A côté de ses boites à clés se trouvent de nouvelles boites cette fois-ci bleues, sa couleur fétiche. Elles contiennent des pièces de rechange au besoin pour ranimer une vieille serrure. Des ressorts, visseries, corps vierges et mentorés se côtoient par courtoisie sans se mélanger. Son bureau ressemble à un bel empilage de boites avec au total douze rangées de deux mètres quarante chacune. Son rêve : obtenir de sa direction des « électroclass » et supprimer définitivement ces vieilles armoires archaïques qui ne sont pas dignes de ses trésors. Sécurité maximale oblige : des codes secrets gardent DEX, DAP et tous les autres. Roland est au cœur des secrets de tous les bâtiments du site ; il peut faire obéir tous les digicodes même les plus rebelles.

Une porte en souffrance, une serrure mal réveillée, Roland intervient sur tous types de dépannage. En fonction de la situation, il est force de proposition. Remise à neuf impérative, changement de pièces mécaniques, changement de tactiques, le gestionnaire des clés observe, analyse, tranche et dirige. C’est en ces circonstances précises qu’il peut solliciter ses équipes d’experts : un simple courriel ou coup de téléphone et l’action est déclenchée pour une efficacité éprouvée. Le pire cauchemar du gestionnaire des clés c’est de perdre de vue l’une d’entre elles. Tel un pâtre au service de ses brebis, il appelle, hèle, interpelle, crie au loup pour que cette dernière rejoigne le troupeau. Pour l’aider dans cette tâche, il peut compter sur le réseau des gestionnaires des clés identifié dans chaque bâtiment. Ce réseau « non qualifié » est avant tout motivé par l’action et joue le rôle de relais sur place. Cette présence est bien souvent rendue inutile car Roland est partout. Au bâtiment 15, au 21, 148, 51 ou encore au 23, Roland n’a pas joué au loto mais semble avoir la chance et le don d’ubiquité. Il se trouve toujours au bon moment au bon endroit. En contact quotidien avec les personnes, il vient de développer de nouveaux services : les petits travaux de peinture et de maintenance. Aux clés, il élargit la palette de ses compétences aux tiroirs coincés, placards endommagés ou encore stores défaillants. Un point commun : rendre service. Son nom d’intervention ZZCOG comme le Z de Zorro. Il ne lui manque plus que la cape et l’épée pour faire fuir les roublards qui oublient de lui remettre les clés en quittant l’entreprise.

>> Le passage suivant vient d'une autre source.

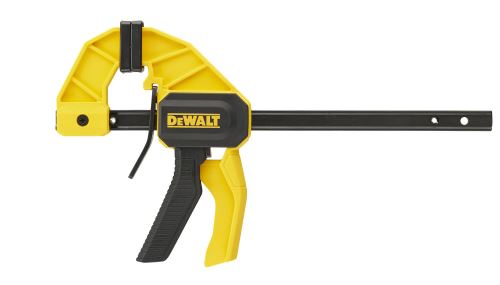 DEWALT közepes bilincs - 150 mm, szorítóerő 63 kg DWHT0-83139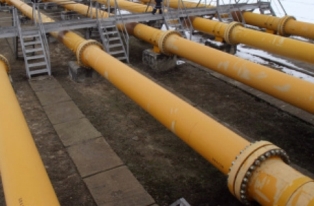 Armenia’s gas supply restored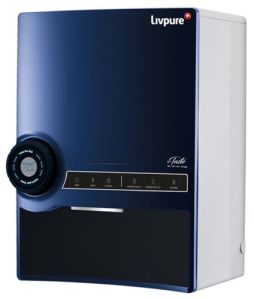 Livpure I-Taste RO Water Purifier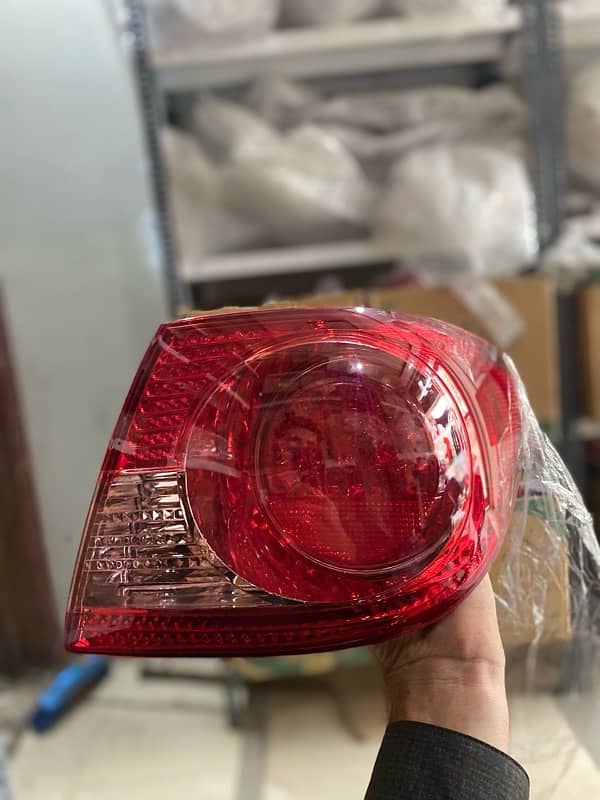 headlights  and glasses  available 14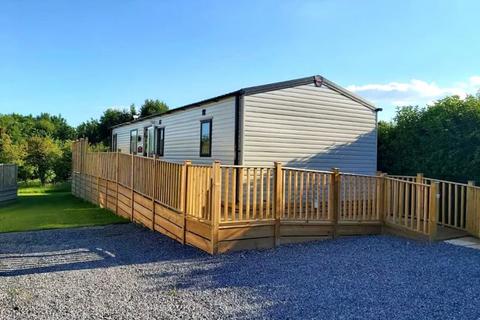 2 bedroom detached house for sale, Dartmoor View Holiday Park, Whiddon Down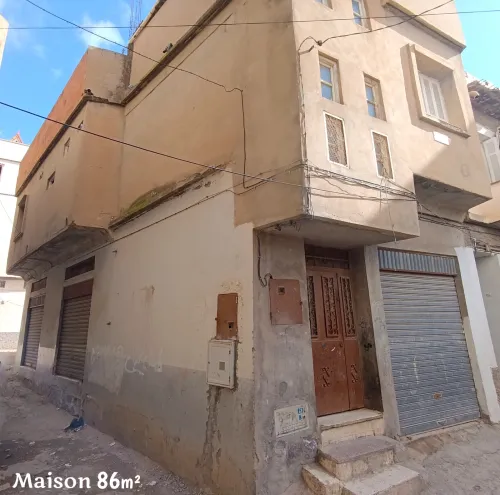 Vente Villa Sétif Setif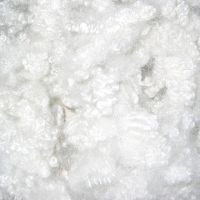 POLYESTER DTAPLE FIBRE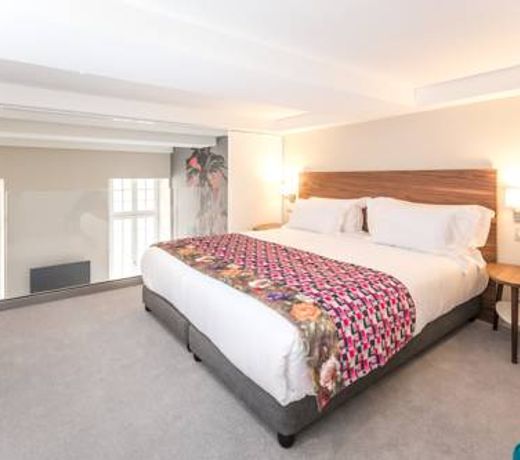 Palais Saleya Boutique hÃ´tel
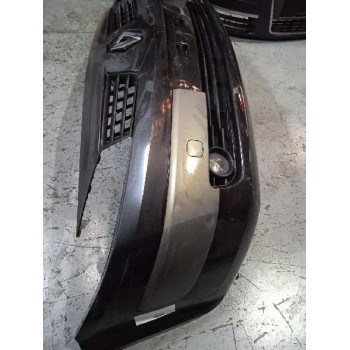 Recambio de paragolpes delantero para renault megane ii berlina 5p authentique referencia OEM IAM   1 SERIE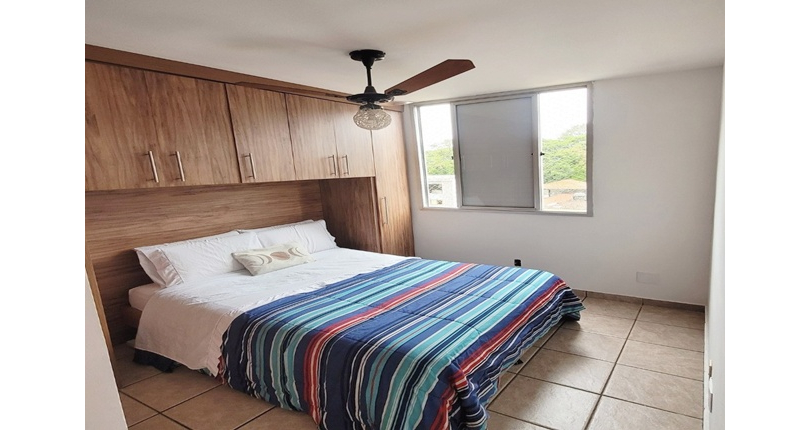  Apartamento à venda no Bairro da Vila Jaguará na Rua Coronel Virgílio dos Santos 500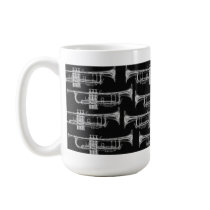Pour It Loud With MusicMinds Mugs
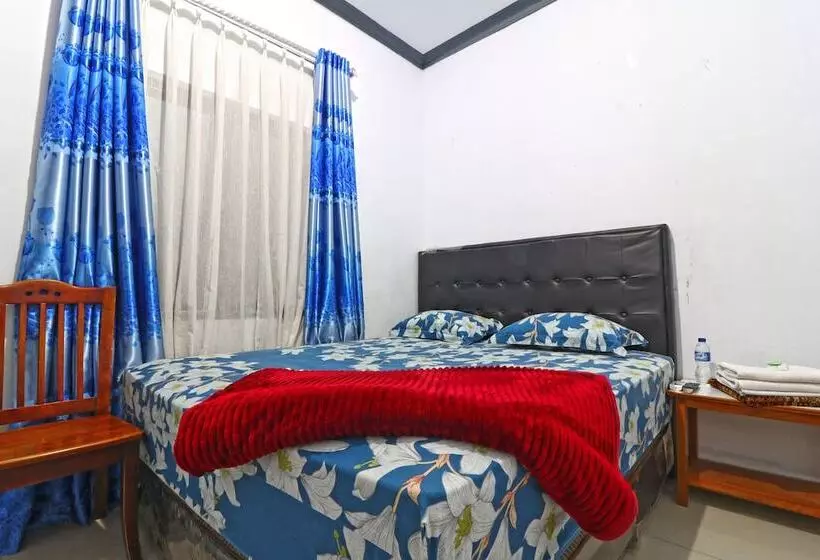 Hotelli Wisma Barokah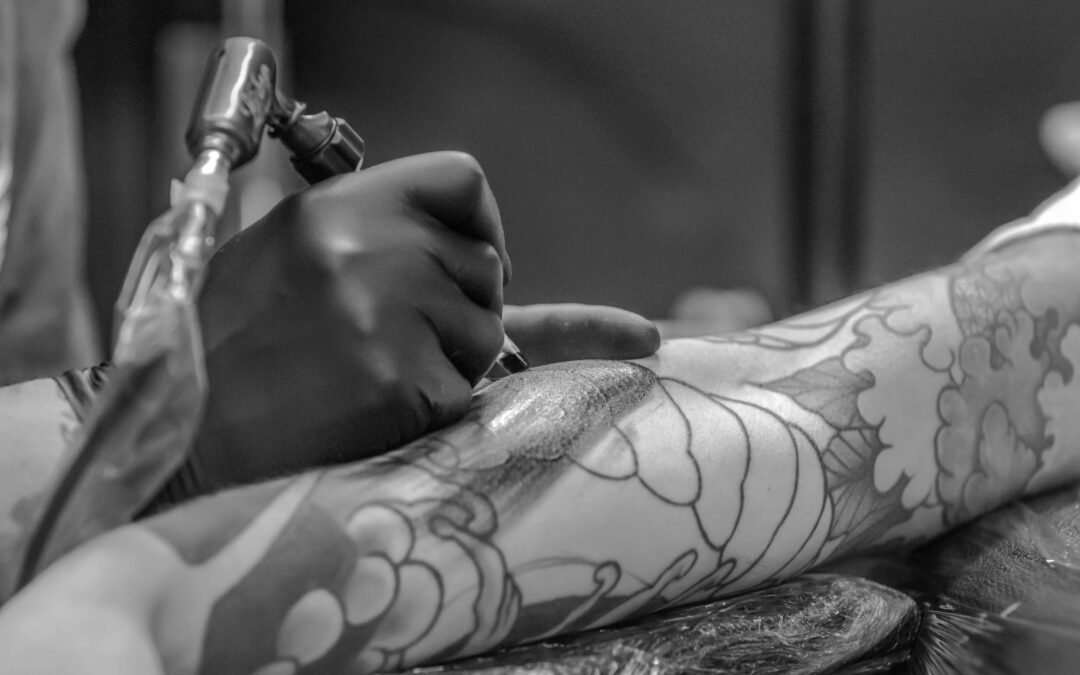 Can I Remove A Tattoo At Home?
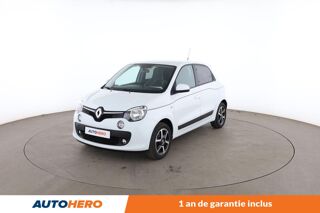 Twingo 1.0 SCe Intens EDC 71 ch 2018 occasion 92130 Issy-les-Moulineaux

Roland a la chance de pouvoir garder le sourire. Son activité lui réserve parfois d’amusantes surprises. Une année, le service communication a souhaité débarrasser un local technique pour y entreposer de la documentation. Au fond du local, derrière une armoire se trouvait un vieux coffre fort. Le sol avait été renforcé pour en soutenir le poids. Malheureusement après avoir bien cherché dans ses boites et armoires, Roland ne put retrouver la clé. Il dut se résoudre à faire intervenir ses experts pour forcer le coffre récalcitrant. Après quelques minutes d’effort, le réconfort ou presque. A l’intérieur du coffre une barre chocolatée Mars était posée sur l’étagère supérieure. A sa droite, un petit mot manuscrit : « Félicitations à celui qui a réussi à ouvrir le coffre. Ci-joint une récompense bien méritée ». Après enquête, Roland identifia l’auteur de la blague faite par un salarié parti en retraite quelques années plus tôt. Dommage pour le Mars, il était périmé. Cela faisait près de dix ans qu’il attendait sagement son sauveur. Roland a gardé le mot et raconte souvent cette anecdote. Il fait ainsi revivre le clin d’œil de ce salarié farceur en créant ainsi la « légende du coffre au Mars ».

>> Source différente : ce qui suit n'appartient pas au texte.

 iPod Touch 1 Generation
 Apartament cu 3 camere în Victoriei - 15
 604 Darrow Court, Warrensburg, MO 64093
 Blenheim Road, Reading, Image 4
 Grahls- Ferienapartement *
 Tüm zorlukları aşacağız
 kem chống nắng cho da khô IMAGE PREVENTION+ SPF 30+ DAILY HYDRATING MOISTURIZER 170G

Lorsque Roland parle de son poste, il met naturellement en avant son côté diversifié même s’il peut paraître de prime abord routinier. Après le contact avec les clients, ce qu’il chérit plus particulièrement c’est l’amour du travail bien fait. Roland est gestionnaire des clés pour le bien être des autres salariés. Il est engagé, généreux, spontané, toujours de bonne humeur.

Son trésor le plus précieux est son métier, la clé de son cœur.